Beide Cut-Verletzungen Trabants mussten genäht werden. Insgesamt neun Stiche setzte der Ringarzt. „Ich glaube, ich muss mich demnächst zum Schönheitschirurgen aufmachen“, sagte Trabant und hatte die Frage nach dem Sinn seines Tuns längst beantwortet. Er ist Profiboxer, schon mit 16 Jahren ist er es geworden, als jüngster Faustkämpfer in Europa. Als Profi ist er auf Zurichtungen dieser Art gefasst. Der 1,73 große Trabant startet im Weltergewicht (bis 66,69 kg) und hat in seinen acht Berufsjahren alle 37 Boxer, die mit ihm in den Ring stiegen, besiegt. Auch Matolcsi ist als Verlierer gegangen. In der fünften Runde beendete Ringrichter Paul Thomas den Kampf nach einem schweren Leberhaken Trabants.
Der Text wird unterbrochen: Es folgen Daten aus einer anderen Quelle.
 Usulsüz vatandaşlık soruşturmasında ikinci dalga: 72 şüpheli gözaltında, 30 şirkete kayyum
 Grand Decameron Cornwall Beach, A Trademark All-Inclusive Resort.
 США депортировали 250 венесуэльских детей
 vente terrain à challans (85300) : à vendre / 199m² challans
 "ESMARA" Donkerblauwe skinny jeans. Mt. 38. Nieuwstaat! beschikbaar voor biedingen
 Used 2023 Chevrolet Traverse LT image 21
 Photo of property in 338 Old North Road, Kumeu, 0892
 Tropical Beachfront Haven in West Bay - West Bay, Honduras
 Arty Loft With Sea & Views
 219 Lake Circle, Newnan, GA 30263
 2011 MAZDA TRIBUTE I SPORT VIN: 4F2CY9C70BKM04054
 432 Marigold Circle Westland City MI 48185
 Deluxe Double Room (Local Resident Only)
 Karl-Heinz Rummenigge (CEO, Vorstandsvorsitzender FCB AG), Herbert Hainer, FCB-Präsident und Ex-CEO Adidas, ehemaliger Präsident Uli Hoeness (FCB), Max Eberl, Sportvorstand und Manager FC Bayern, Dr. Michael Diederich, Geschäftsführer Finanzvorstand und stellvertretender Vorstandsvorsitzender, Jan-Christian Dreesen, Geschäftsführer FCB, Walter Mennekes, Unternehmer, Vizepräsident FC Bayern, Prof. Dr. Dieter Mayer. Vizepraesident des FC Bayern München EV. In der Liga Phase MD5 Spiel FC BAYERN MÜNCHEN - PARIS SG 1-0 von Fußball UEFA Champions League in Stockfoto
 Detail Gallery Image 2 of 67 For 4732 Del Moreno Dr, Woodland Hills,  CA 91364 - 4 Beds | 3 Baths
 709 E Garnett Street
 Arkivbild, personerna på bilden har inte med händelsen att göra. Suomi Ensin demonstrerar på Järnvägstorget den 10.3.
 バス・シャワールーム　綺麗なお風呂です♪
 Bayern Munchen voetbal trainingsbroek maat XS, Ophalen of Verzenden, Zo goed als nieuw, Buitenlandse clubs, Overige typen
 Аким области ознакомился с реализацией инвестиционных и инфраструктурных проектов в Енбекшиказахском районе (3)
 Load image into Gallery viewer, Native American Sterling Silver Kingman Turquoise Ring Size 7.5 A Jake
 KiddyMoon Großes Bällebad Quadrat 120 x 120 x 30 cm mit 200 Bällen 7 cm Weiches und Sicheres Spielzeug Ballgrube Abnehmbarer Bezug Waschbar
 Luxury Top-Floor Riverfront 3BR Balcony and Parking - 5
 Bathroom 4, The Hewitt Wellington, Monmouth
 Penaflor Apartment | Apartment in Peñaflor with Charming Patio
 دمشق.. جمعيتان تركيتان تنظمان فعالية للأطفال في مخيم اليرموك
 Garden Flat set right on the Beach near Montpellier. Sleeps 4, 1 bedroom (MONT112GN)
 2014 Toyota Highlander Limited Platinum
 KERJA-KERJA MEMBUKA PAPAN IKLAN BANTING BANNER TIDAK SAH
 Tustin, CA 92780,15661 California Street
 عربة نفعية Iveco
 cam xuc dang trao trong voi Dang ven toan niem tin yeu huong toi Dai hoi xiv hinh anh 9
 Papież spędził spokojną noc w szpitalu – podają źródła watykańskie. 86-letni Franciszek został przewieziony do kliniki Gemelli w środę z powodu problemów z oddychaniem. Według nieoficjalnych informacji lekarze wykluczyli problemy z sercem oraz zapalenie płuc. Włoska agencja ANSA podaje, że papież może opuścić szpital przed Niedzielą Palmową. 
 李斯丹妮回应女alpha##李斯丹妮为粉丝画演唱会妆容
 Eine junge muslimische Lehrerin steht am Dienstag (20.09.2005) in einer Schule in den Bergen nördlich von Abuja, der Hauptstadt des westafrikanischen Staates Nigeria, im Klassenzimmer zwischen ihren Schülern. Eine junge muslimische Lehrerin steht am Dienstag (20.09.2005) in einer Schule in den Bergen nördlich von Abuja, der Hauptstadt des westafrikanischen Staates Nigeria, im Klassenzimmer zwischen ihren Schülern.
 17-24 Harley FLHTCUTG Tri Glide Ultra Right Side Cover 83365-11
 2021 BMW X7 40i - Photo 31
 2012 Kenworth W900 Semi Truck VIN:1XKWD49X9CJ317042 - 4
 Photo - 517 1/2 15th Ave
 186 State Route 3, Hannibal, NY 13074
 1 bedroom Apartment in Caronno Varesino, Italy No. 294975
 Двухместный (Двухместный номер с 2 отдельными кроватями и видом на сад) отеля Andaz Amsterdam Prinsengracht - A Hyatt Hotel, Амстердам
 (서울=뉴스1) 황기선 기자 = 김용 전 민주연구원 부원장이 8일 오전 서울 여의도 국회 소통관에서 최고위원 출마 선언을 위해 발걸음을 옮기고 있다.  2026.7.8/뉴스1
Viele von seinen früheren Gegnern bezeichnet er heute als „Pfeifen“, die gut für die makellose Statistik waren, aber nicht für sein Image als Boxer. Eine neue Qualität deutete sein erster Kampf um die EM vor einem Jahr an, die er sich nach zwölf Runden gegen den Dänen Christian Bladt sicherte. Auch da hatte er mit einem Riss über dem Auge zu kämpfen, ab der zweiten Runde. Den Kampf in Danzig bezeichnet Trabant als den wichtigsten in seiner Karriere. „Hätte ich den verloren, wäre ich weg gewesen vom Fenster, und das zu einem Zeitpunkt, wo gerade das ZDF groß eingestiegen ist.“

Der Sender überträgt mehr als ein Dutzend Veranstaltungen des Universum-Boxstalls pro Jahr und überweist dafür bis 2007 fast 100 Millionen Euro. Die Fülle der Übertragungen und der eklatante Mangel an Stars macht auch einen wie Trabant zum Hauptkämpfer. Das Publikum möchte lieber Schwergewichtsboxer sehen vom Schlage der Klitschko-Brüder, die mit ihrer enormen Schlagkraft für spektakuläre Knockouts sorgen können.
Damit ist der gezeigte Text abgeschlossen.